'The Braid': A powerful tale of three women across cultures struggling with crisis - review
Each story is well paced and none completely overshadows the others, although some hit harder.
The Braid is a movie that just opened in theaters around Israel. It tells three stories of women in times of crisis in very different settings around the world who are ultimately connected through the titular braid.
Each story is compelling on its own – one is set in rural India, the second is in a small coastal Italian town, and the third is in Montreal – and the format works well in that you become very aware of the differences between each society portrayed. Each story is well-paced, and none completely overshadows the others, although some hit harder. At times, it felt like each was being hurried along to the conclusion, where they connect, and that scenes that might have deepened each of the characters had to be left out.
That said, there is much to like in each story, and the director and co-screenwriter, Laetitia Colombani, who wrote the film with Sarah Kaminsksy, makes the case that all these women are deserving of our attention, whether they are privileged, poor, or somewhere in between. It has a social agenda in that it spotlights injustices in different societies. Still, it also makes points about women’s emotional lives and how the similarities in their inner lives are universal.

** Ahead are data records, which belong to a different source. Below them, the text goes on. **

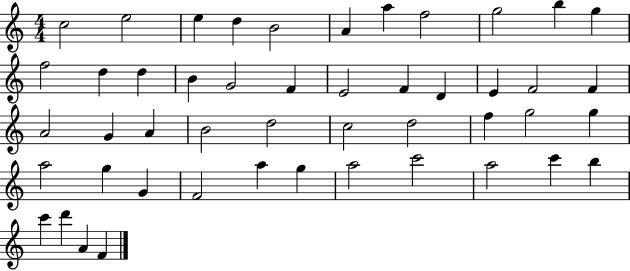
{
  \clef treble
  \numericTimeSignature
  \time 4/4
  \key c \major
  c''2 e''2 | e''4 d''4 b'2 | a'4 a''4 f''2 | g''2 b''4 g''4 | \break f''2 d''4 d''4 | b'4 g'2 f'4 | e'2 f'4 d'4 | e'4 f'2 f'4 | \break a'2 g'4 a'4 | b'2 d''2 | c''2 d''2 | f''4 g''2 g''4 | \break a''2 g''4 g'4 | f'2 a''4 g''4 | a''2 c'''2 | a''2 c'''4 b''4 | \break c'''4 d'''4 a'4 f'4 | \bar "|."
}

Each story is told in 10-minute chunks, one following the other, and it starts out with Smita (Mia Maelzer), who is from the Dalit or untouchable caste. She and her husband (Nehpal Gautam) and daughter (Sajda Pathan) live in a village where they face institutionalized discrimination so severe that it is hard to absorb or describe. They work by scavenging what they can and cleaning certain parts of the village. Their main source of protein is, as we learn, it was for their forefather's rats that they caught in the fields.
Smita is suffering from a respiratory illness, and they have saved money for an X-ray, but Smita insists on spending it on sending her daughter to school, where the Brahmin who is in charge is known for accepting untouchables. But it turns out that even in the classroom, anyone from their caste faces unspeakable cruelty and discrimination. This leads Smita to despair and forces her to weigh whether the family should leave the area for another region where they might fare better, although, according to her husband, they are not legally permitted to leave, and those who have tried have been murdered.

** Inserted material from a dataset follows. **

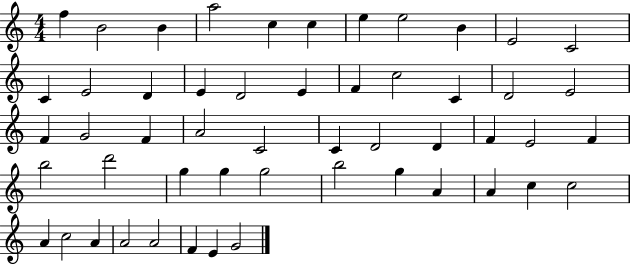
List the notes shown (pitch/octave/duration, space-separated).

F5/q B4/h B4/q A5/h C5/q C5/q E5/q E5/h B4/q E4/h C4/h C4/q E4/h D4/q E4/q D4/h E4/q F4/q C5/h C4/q D4/h E4/h F4/q G4/h F4/q A4/h C4/h C4/q D4/h D4/q F4/q E4/h F4/q B5/h D6/h G5/q G5/q G5/h B5/h G5/q A4/q A4/q C5/q C5/h A4/q C5/h A4/q A4/h A4/h F4/q E4/q G4/h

The second story is set in what looks like the most beautiful small town in the world, a coastal village in the south of Italy. Giulia (Fotini Peluso) helps her father run a workshop that has been in the family for decades. It employs many of the town’s women and does things the old-fashioned way. A bookworm who spends her lunch hours in the library, Giulia cares so much about keeping the workshop running that she focuses on it rather than going to university or developing her social life. But when she meets Kamal (Avi Nash), a young Sikh man who has moved to the area, she is intrigued by him. At the same time, she has to figure out how to deal with a severe financial problem in the family business.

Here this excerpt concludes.